--- EXERCISE ---
There is one span to output from the data below: the lines starting at the line with "Vợ Hoàng Anh: 'Tôi hay ghen vì quá tự ti'" and ending at the line with "curtis water tank". Output it exactly, ends included, nothing more.

--- LISTED RECORDS ---
· · · ·
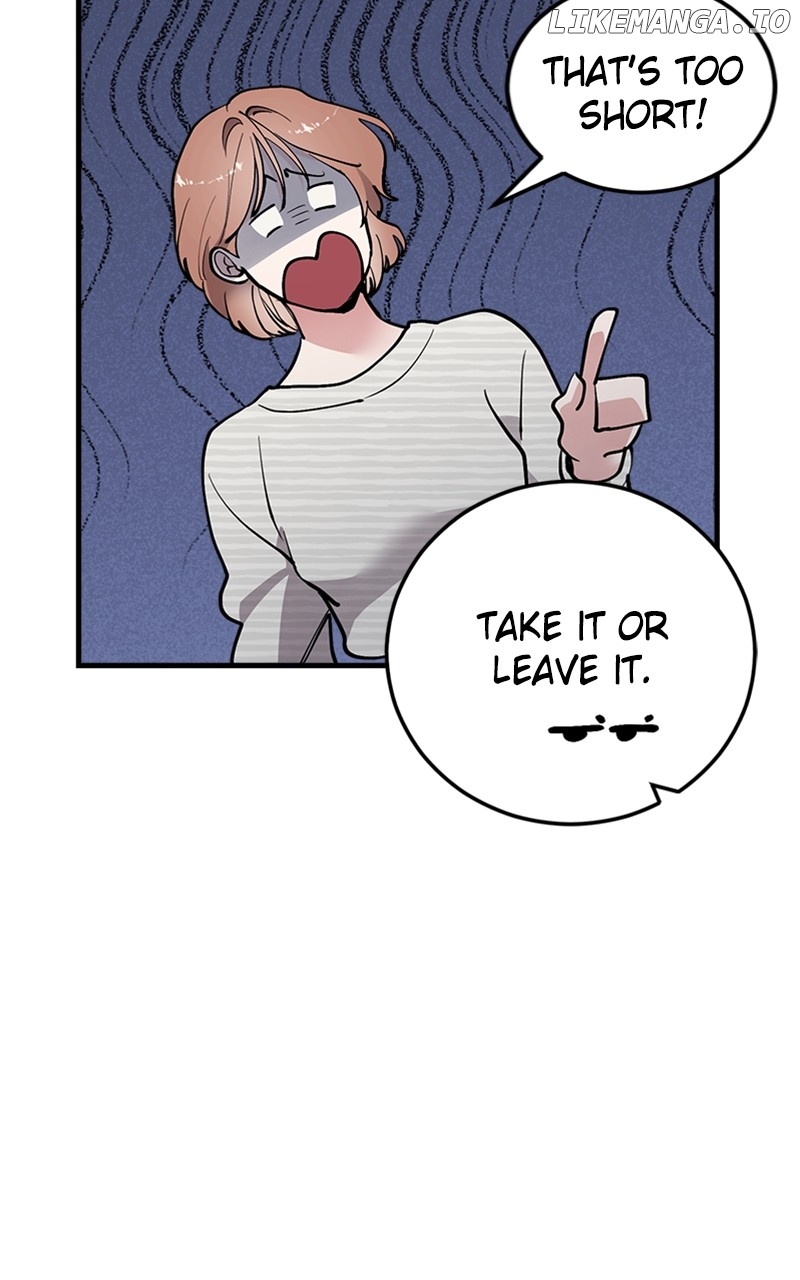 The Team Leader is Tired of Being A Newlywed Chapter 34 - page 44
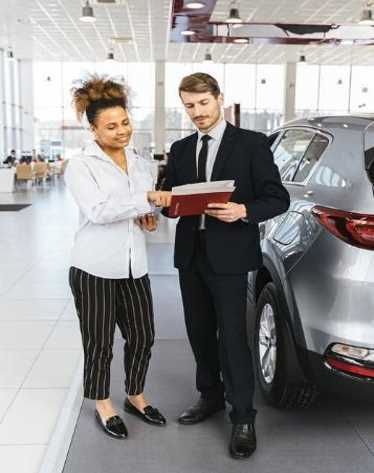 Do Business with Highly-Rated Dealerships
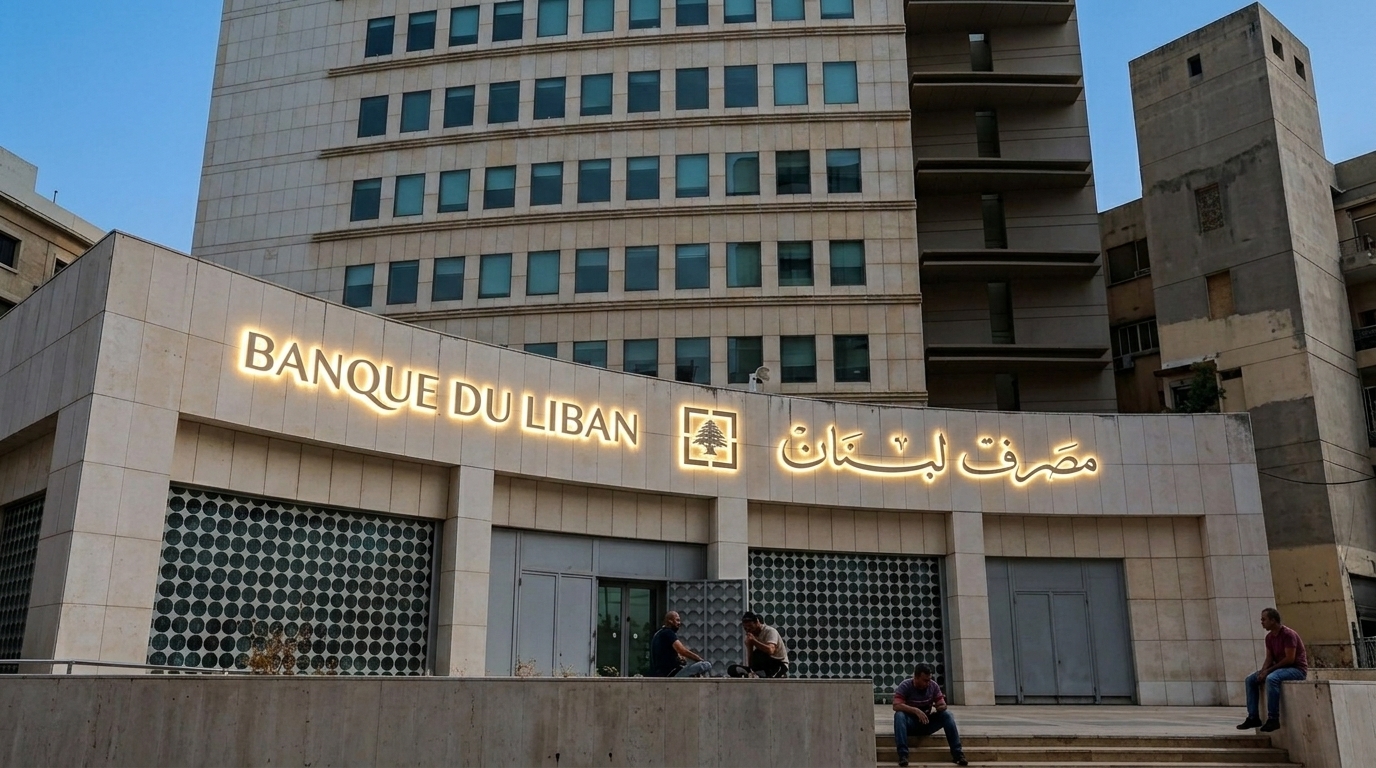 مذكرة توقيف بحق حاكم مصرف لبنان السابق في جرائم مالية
· · · ·
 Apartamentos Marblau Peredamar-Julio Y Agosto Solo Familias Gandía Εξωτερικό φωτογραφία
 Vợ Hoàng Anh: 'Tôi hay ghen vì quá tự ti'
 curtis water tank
· · · ·
--- ANSWER SECTION ---
 Vợ Hoàng Anh: 'Tôi hay ghen vì quá tự ti'
 curtis water tank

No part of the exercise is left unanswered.